* What you have to do
What the answer must hold is the line containing "harxeuphoria's tweet photo." and all lines after it through the end of the listing, copied exactly, with pictures left out.

* Records
^^^^^^^^

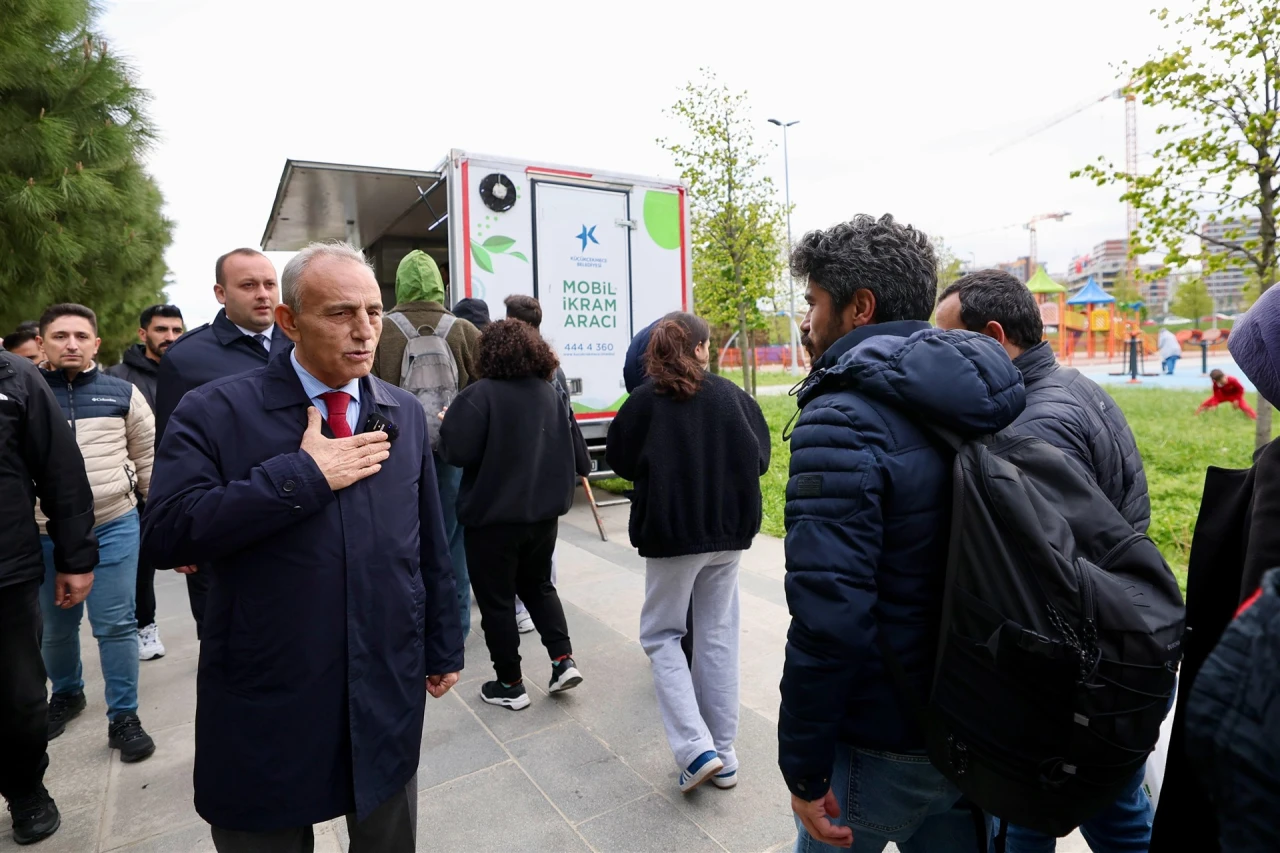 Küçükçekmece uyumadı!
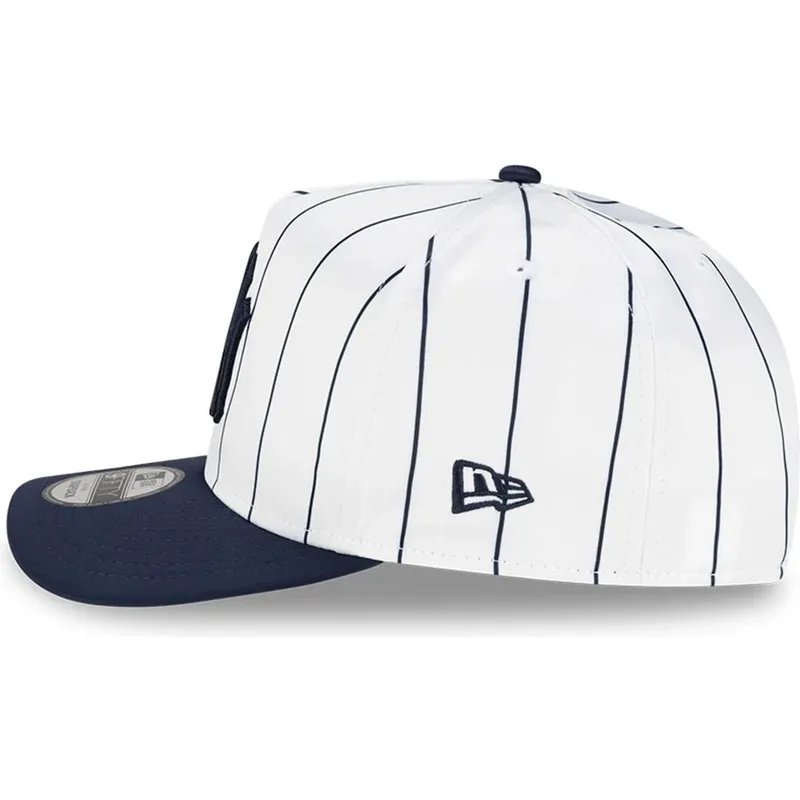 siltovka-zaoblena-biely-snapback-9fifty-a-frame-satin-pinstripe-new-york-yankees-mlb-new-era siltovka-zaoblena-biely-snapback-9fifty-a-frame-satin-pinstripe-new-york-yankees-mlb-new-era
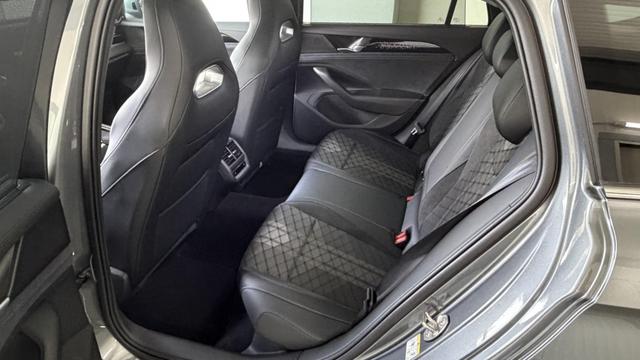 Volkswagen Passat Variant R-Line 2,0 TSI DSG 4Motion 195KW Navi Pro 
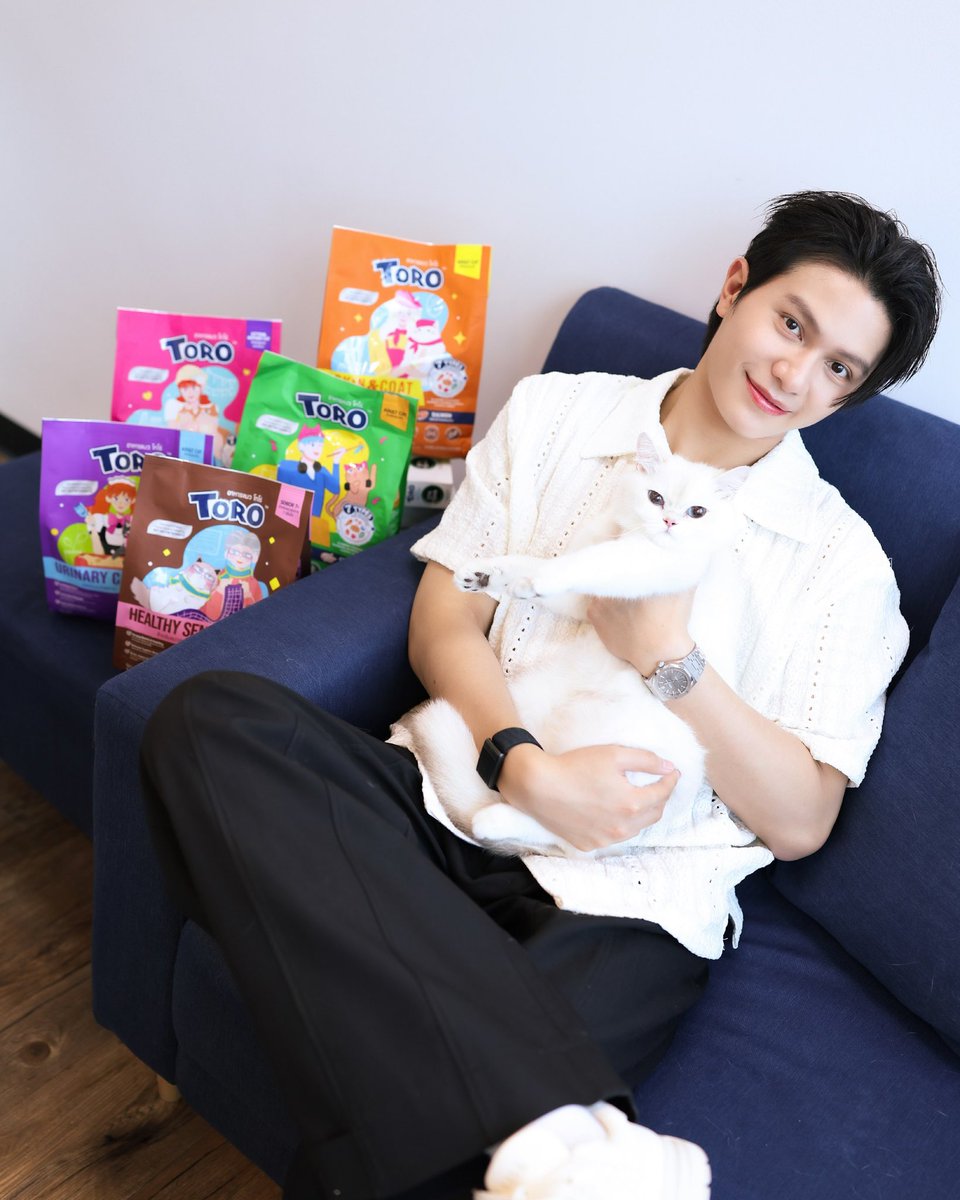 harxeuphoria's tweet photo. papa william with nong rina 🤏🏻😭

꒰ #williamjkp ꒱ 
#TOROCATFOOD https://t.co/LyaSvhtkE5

^^^^^^^^

* Answer to this problem
 harxeuphoria's tweet photo. papa william with nong rina 🤏🏻😭

꒰ #williamjkp ꒱ 
#TOROCATFOOD https://t.co/LyaSvhtkE5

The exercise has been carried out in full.